Dataset content:
┏━━

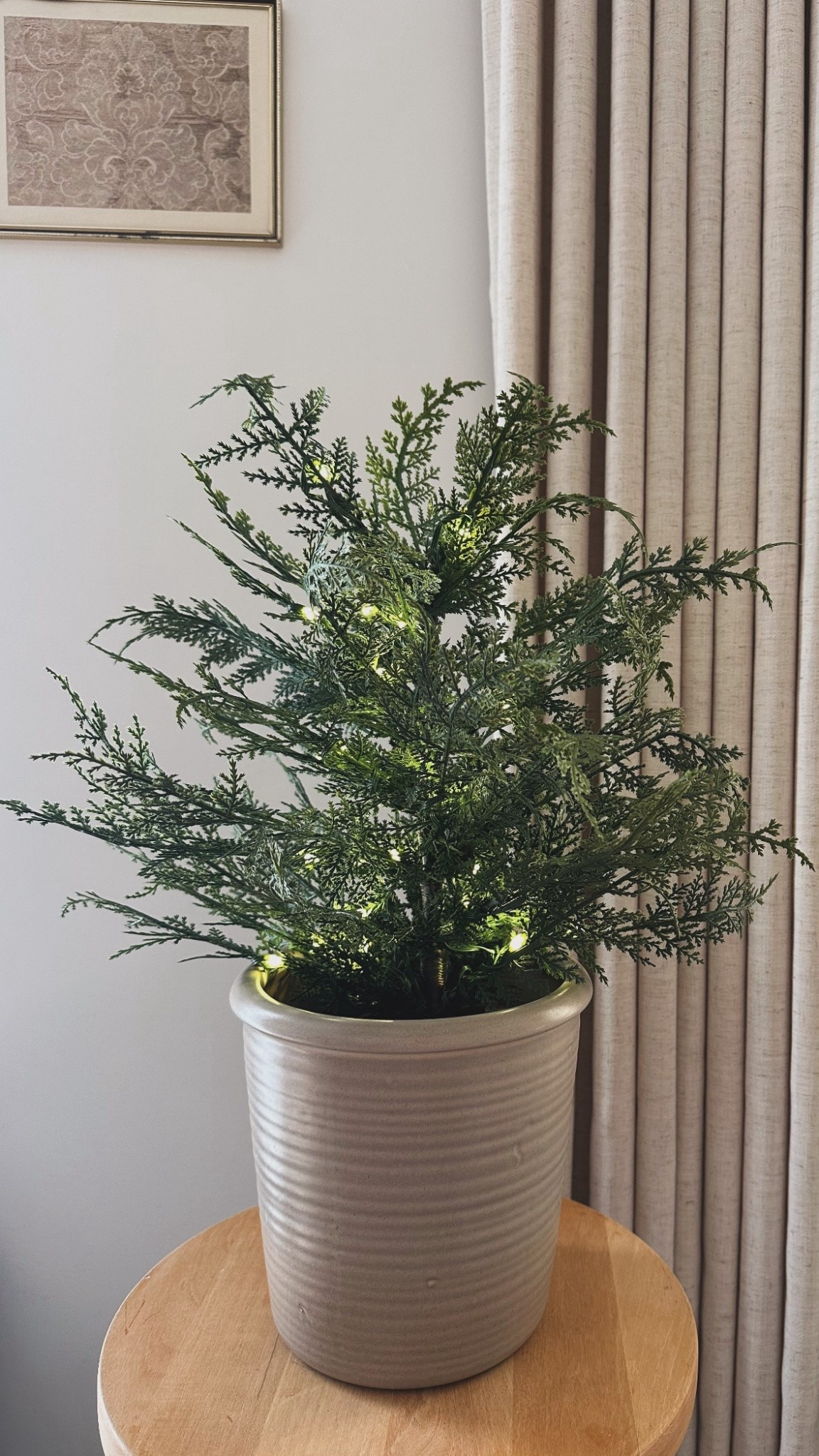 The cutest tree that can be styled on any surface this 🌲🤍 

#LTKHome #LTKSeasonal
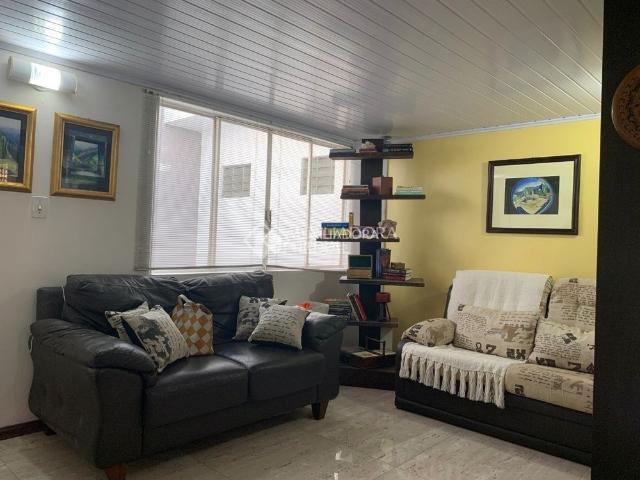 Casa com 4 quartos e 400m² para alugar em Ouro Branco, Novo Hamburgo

┗━━
┏━━

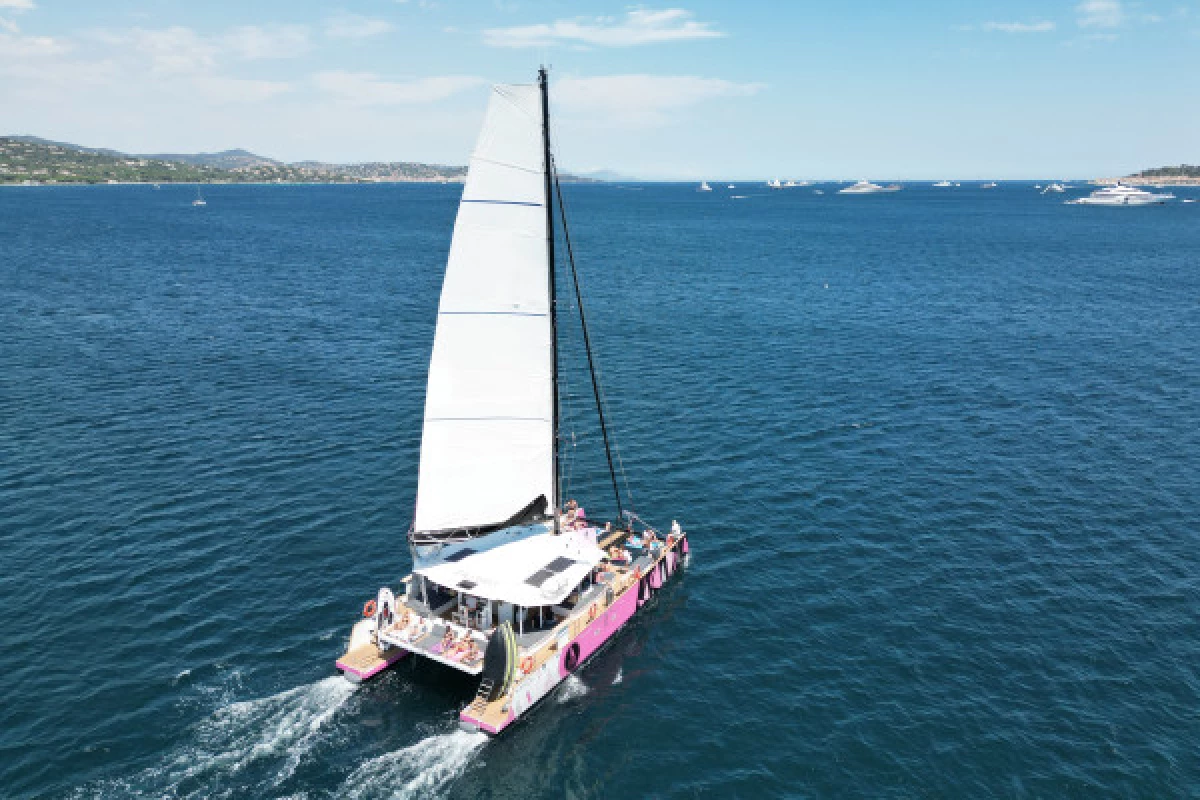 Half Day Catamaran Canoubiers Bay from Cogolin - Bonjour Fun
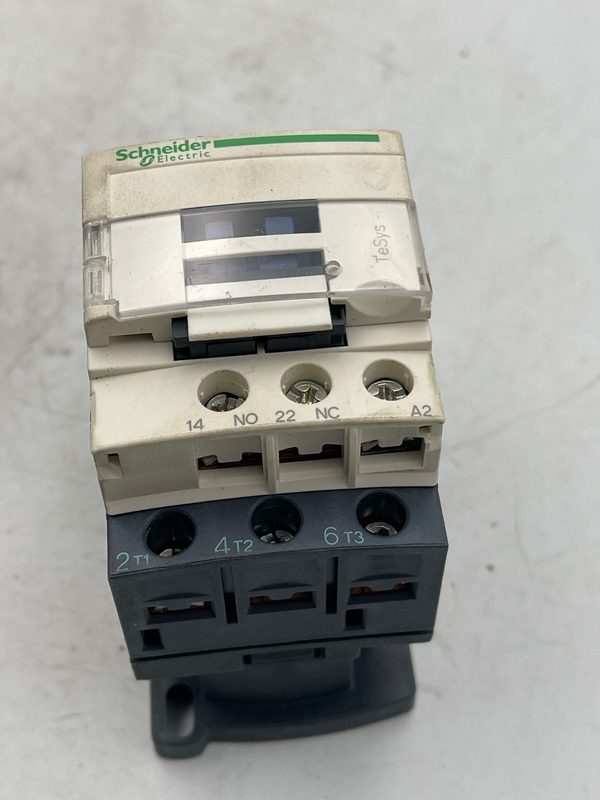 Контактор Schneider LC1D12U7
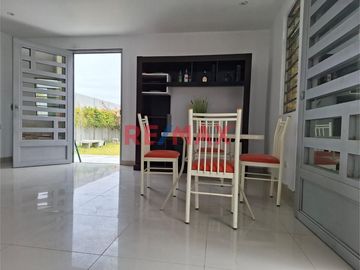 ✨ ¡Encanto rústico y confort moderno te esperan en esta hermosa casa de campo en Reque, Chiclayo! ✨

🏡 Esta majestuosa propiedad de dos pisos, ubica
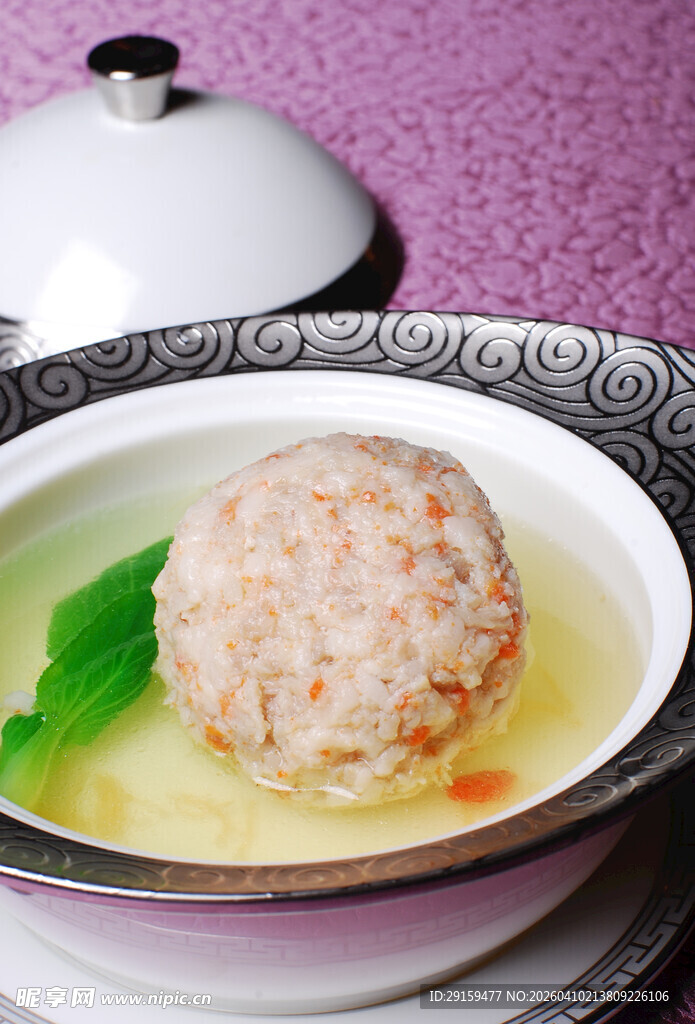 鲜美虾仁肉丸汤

┗━━

In the listing above, find the line containing "The cutest tree" and the line containing "Casa com 4 quartos", then write out both of them and every line between, exactly, with no pictures.

Result:
 The cutest tree that can be styled on any surface this 🌲🤍 

#LTKHome #LTKSeasonal
 Casa com 4 quartos e 400m² para alugar em Ouro Branco, Novo Hamburgo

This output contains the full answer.